La sensibilité du peintre est à la fois dans le ressenti et dans son expression par les couleurs : "Dans mon tableau de Café de nuit, j'ai cherché à exprimer que le café est un endroit où l'on peut se ruiner, devenir fou, commettre des crimes. Enfin j'ai cherché par des contrastes de rose tendre et de rouge sang et lie-de-vin, de doux vert Louis XV, et Véronèse, contrastant  avec les vert-jaune et les vert-bleu durs, tout cela dans une atmosphère de fournaise infernale, de souffre pâle, à exprimer comme la puissance des ténèbres d'un assommoir ". Ce passage exprime avec des mots simples la transmutation du ressenti dans l'image qu'est le tableau, sans avoir à faire appel à la symbolique des couleurs.

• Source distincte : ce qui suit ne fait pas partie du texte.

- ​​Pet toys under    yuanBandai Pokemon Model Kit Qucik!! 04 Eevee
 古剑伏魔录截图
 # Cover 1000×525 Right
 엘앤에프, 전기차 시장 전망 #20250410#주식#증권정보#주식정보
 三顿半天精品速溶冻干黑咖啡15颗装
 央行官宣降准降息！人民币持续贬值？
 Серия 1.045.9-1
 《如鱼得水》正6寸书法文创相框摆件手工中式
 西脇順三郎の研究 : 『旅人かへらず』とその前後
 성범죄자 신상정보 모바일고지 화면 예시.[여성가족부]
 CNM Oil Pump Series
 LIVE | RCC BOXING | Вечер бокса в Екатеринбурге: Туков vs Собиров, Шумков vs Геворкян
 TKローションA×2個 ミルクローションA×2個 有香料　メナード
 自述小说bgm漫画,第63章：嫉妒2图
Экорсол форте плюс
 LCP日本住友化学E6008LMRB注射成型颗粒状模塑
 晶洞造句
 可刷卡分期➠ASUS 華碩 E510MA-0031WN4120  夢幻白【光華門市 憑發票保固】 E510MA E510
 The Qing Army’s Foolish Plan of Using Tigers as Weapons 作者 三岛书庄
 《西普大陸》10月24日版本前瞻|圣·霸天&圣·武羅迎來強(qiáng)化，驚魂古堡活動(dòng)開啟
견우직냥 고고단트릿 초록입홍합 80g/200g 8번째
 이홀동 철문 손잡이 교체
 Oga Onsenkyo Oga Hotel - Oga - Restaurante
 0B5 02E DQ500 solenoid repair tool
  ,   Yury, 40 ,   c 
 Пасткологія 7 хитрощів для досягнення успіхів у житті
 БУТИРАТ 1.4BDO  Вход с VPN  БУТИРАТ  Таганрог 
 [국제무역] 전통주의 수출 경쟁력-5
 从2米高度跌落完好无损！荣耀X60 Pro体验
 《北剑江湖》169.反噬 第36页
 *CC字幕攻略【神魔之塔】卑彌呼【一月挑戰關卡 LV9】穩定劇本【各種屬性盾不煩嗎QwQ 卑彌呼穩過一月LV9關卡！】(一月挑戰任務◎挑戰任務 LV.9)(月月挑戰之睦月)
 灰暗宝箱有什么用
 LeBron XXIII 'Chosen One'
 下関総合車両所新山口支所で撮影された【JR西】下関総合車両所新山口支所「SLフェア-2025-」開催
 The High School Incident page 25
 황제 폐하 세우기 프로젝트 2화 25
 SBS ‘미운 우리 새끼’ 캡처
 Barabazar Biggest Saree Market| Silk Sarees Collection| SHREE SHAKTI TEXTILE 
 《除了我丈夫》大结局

L'extrême simplicité avec laquelle Van Gogh décrit ses tableaux, empêche de paraphraser leur description, mais en contre point Artaud exprime le sentiment du spectateur pris entre la force de l'image et la puissance du ressenti : " Il n'y a pas de fantômes dans les tableaux de Van Gogh, pas de visions, pas d'hallucinations. C'est de la vérité torride d'un soleil de deux heures de l'après-midi. Un lent cauchemar génésique  petit à petit élucidé. Sans cauchemar et sans effet. ". 

Dans sa vision et son expression écorchée vive du monde, Van Gogh a été suivi de nombreux peintres, tels que Edvard Munch, Chaïm Soutine et plus récemment, Francis Bacon. C'est peut être chez Soutine que l'on retrouve le plus l'expressionnisme violent et tourmenté, les couleurs flamboyantes de Van Gogh avec lequel il a en commun une jeunesse misérable et une auto agressivité qui s'est traduite par la destruction volontaire de nombreuses toiles. Francis Bacon, revendique la filiation avec Van Gogh en particulier dans la série du Van Gogh sur la route de Tarascon. " La violence doit résider dans la peinture elle-même, non dans la scène qu'elle montre ". Cette filiation, consciente ou inconsciente, s'arrête là car il n'y a pas dans la peinture de Van Gogh ce je-ne-sais-quoi de morbide qui me rend mal à l'aise avec sa parentèle.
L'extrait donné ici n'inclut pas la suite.